怖いけど美しい。住人が消えた「ゴーストタウン」の不思議な魅力
たった一日で消えてしまった村
オラドゥール・シュル・グラヌ/フランス
「オラドゥール・シュル・グラヌ(Oradour-sur-Glane)」は、フランスのヌーヴェル=アキテーヌ地域圏オート=ヴィエンヌ県にある村です。
もともとドイツの占領下であったこの地で、哀しい事件が起こりました。
1944年4月10日。ナチスの武装親衛隊からオラドゥール村の村長へ、「村人の身分証を確認するので、全員を広場に集めるように」と指令が入ります。
学校に登校している児童や仕事中の者はもちろん、近隣の農家や村への来訪者など、見つけられる限りの人間はもれなく広場に集合させられました。
午後3時。

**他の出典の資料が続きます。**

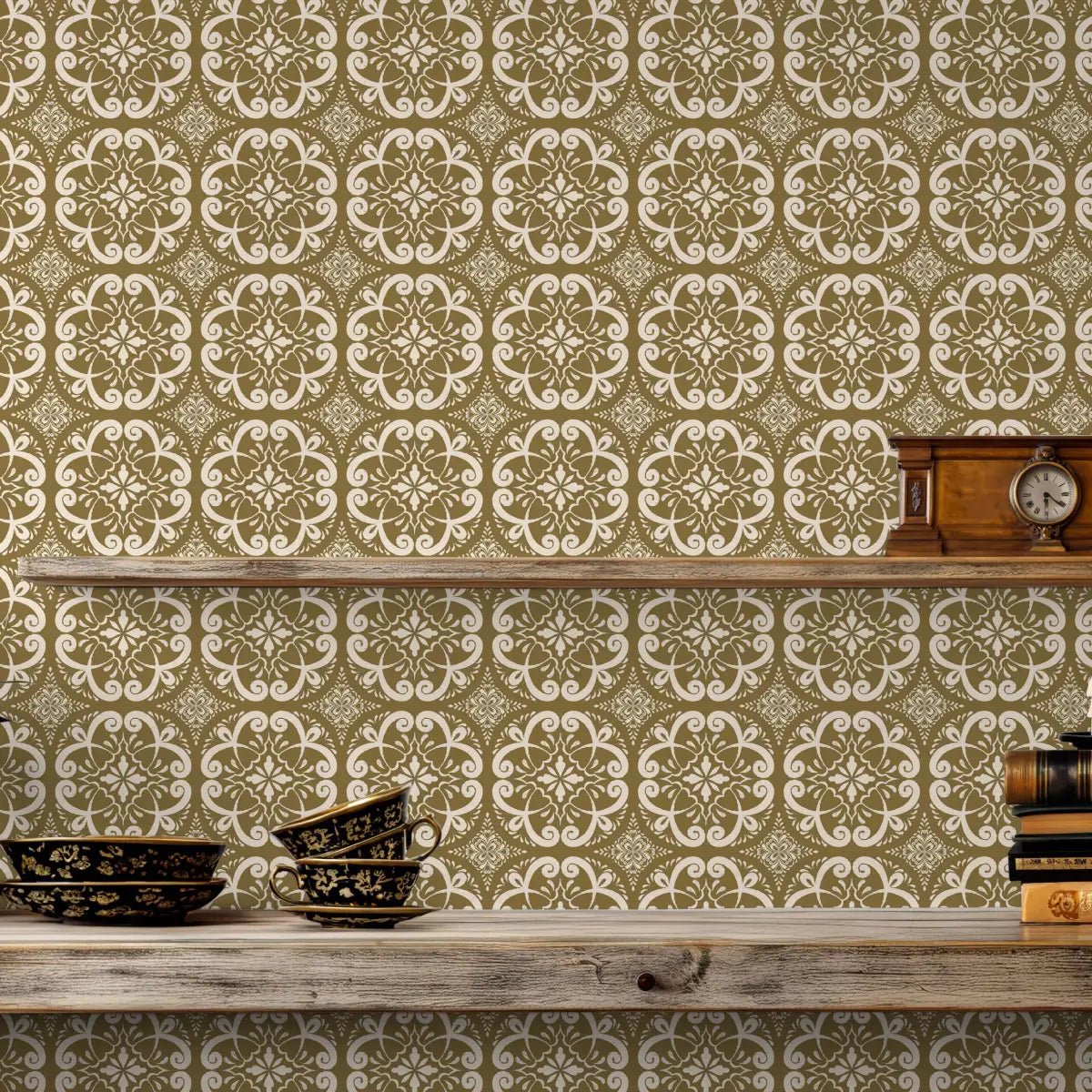 Helen Wallpaper - Vintage Tiles - by The Bright Leaf Design - Loomwell Home Goods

集合を終えると、女性と子どもは教会に、男性は6つの物置や納屋に分かれて連行されます。
男性陣が連れられた場所に待ち構えるのは、機関銃を持ったドイツ兵。男性の足元をめがけて銃を乱射し、動けなくなった体に藁(わら)を被せ、次々と火をつけていきました。
ある納屋から男性6名が逃げ出しましたが、そのうちの1人は逃亡後すぐに発見され射殺されています。
教会にもドイツ兵が潜んでおり、女性たちが建物内に入るとともに可燃物を投げ入れて放火。さらに機関銃を乱射し、混乱のなか女性240名、子ども205名が命を落としました。
集合した人の虐殺していくと、今度は家に残っている人を探しにまわります。
寝たきりの老人はベッドごと焼かれ、村へ訪問にきた通りがかりの人までも射殺。生存者を容赦無く犠牲にしました。
村は徹底的に破壊され、以前の面影をうかがい知ることはできません。
1日にして村人642人の命が犠牲になり、親衛隊から逃げ切ったのはたったの26人。村はゴーストタウンと化しました。
戦後に当時のフランス大統領であるシャルル・ド・ゴールが、オラドゥール村を再建せずに遺構として残すことを決定。村は現在も廃墟同然の状態で保存され、哀しい歴史を後世に伝えるべく観光客を受け入れています。